Pourtant Gustave était connu pour être un célibataire invétéré. On le voit dans son tableau montrant une Partie de Bézigue, un jeu populaire de l’époque. Plusieurs hommes sont rassemblés dans ce salon, ils sont tous célibataires, aucune femme n’est présente. Ici c’est un esprit de franche camaraderie qui ressort plus que celle d’un sentimentalisme romantique. Les visages affichent une grande concentration sur la partie en cours, seul un est assoupi au fond. Ce rassemblement montre le caractère marginal de ces messieurs, préférant le jeu aux femmes, le célibat plutôt que la vie de famille.
Loisirs et retraite à la campagne
Pour clôturer l’exposition, les commissaires nous emmènent à la campagne et sur les fleuves pour nous montrer toute l’importance que prennent les loisirs et les sports dans cette société de la fin du siècle de Vienne. Alors que la France prend connaissance de son potentiel touristique via les loisirs en pleine nature, Caillebotte décide de nous montrer un visage plus virile, plus sportif des parties de campagne. Dans Partie de bateau (vers 1877-1878), le peintre montre le canotier comme s’il était en face de nous dans la barque. Le dandy, habillé de son costume de ville et coiffé d’un haut-de-forme en soie, montre une véritable présence physique, les vêtements près du corps dessinant sa silhouette. On ressent alors une forme d’intimité entre le canotier et nous, dérogeant ainsi à l’iconographie habituelle où la place du passager ou du barreur est occupée par une femme.
Au début des années 1880 Gustave et son frère Martial vendent leur domaine de Yerres et achètent une propriété au Petit Gennevilliers, au bord de la Seine.

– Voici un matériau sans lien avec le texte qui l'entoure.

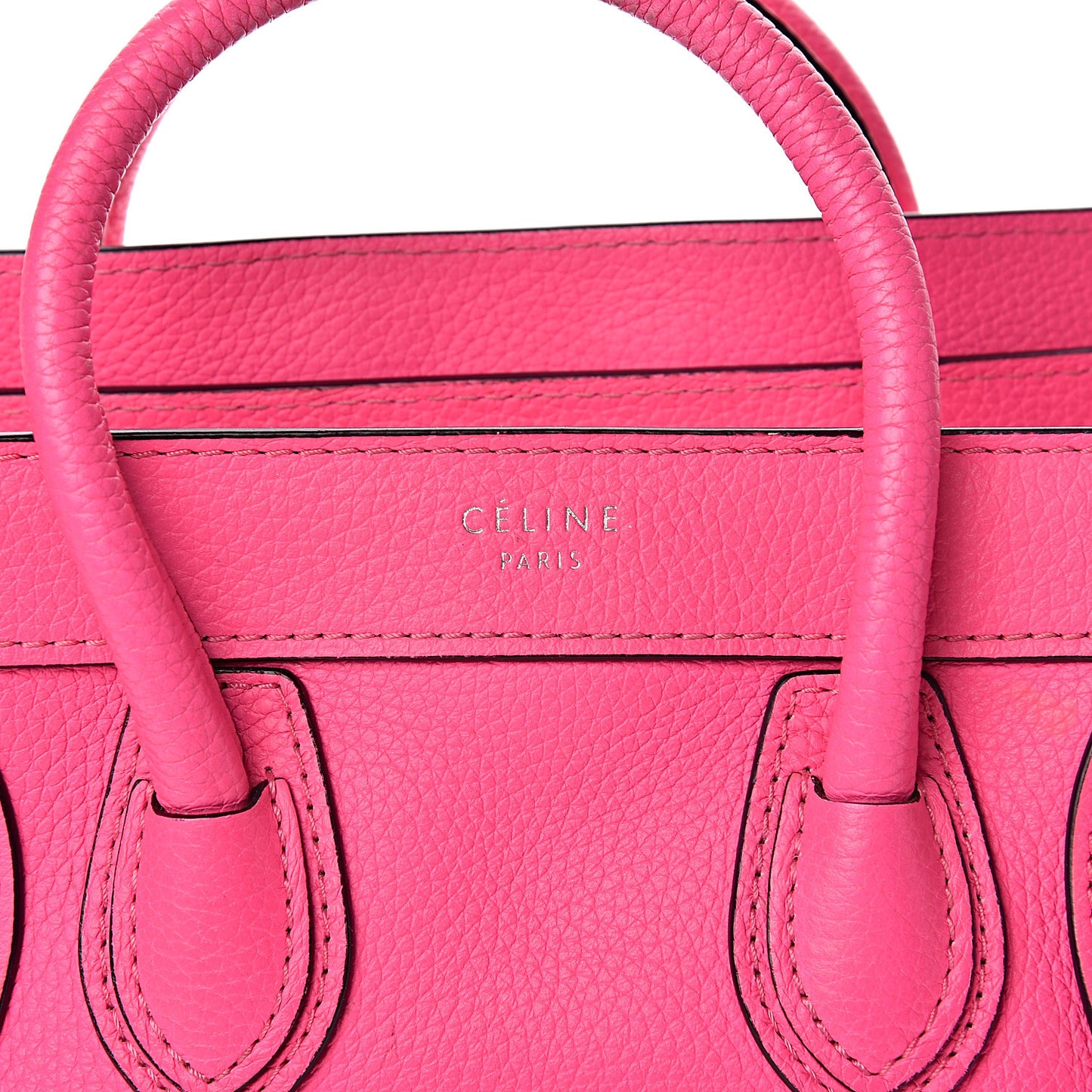 Drummed Calfskin Nano Luggage Fluo Pink
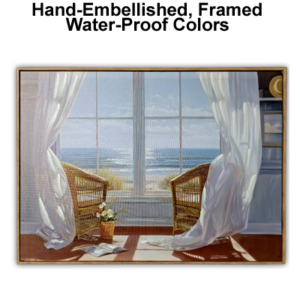 31 1/2 x 23 1/2 Inches Framed Beach View Hand-Embellished Giclee Canvas Print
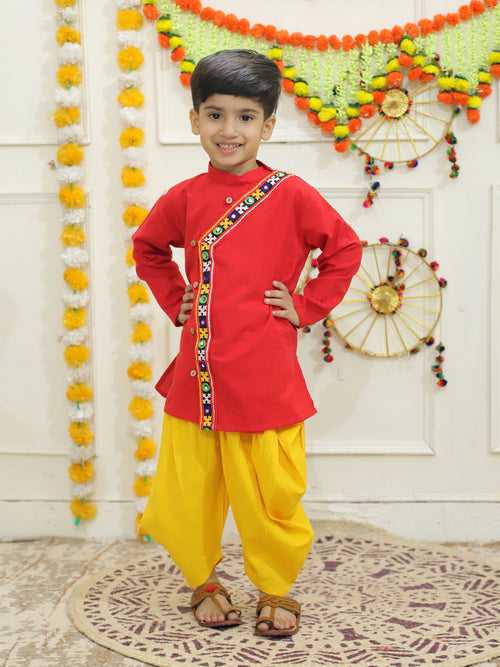 BownBee Embroidered Cotton Kurta with Dhoti for Boys- Red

Gustave finit par s’y installer définitivement et parvient alors à retrouver ses passions comme le yachting ou l’horticulture. Dans son dernier grand format, Une course de bateaux (1893), le peintre se montre à la barre d’un bateau conçu par ses soins. Il navigue sur la Seine avec un autre homme. De cela plusieurs sentiments se dégagent, mais parmi eux ce sont ceux de la liberté et de la fraternité qui ressortent le plus. Ces sentiments chers au peintre sont palpables à travers l’absence d’autres personnages, il est presque seul au milieu des eaux claires de la Seine. Sur la rive gauche, la nature se dessine alors que les reflets des bateaux sont projetés sur l’eau. De l’autre côté, des petites maisons blanches à toits rouges sont peintes, un contraste se fait entre la grandeur oppressante des rues parisiennes et la simplicité des architectures de la banlieue. Le temps est clair, le ciel sans nuages et le tableau sans ombre. Le peintre meurt peu après d’une “congestion cérébrale” le 22 février 1894, il est alors âgé de 45 ans.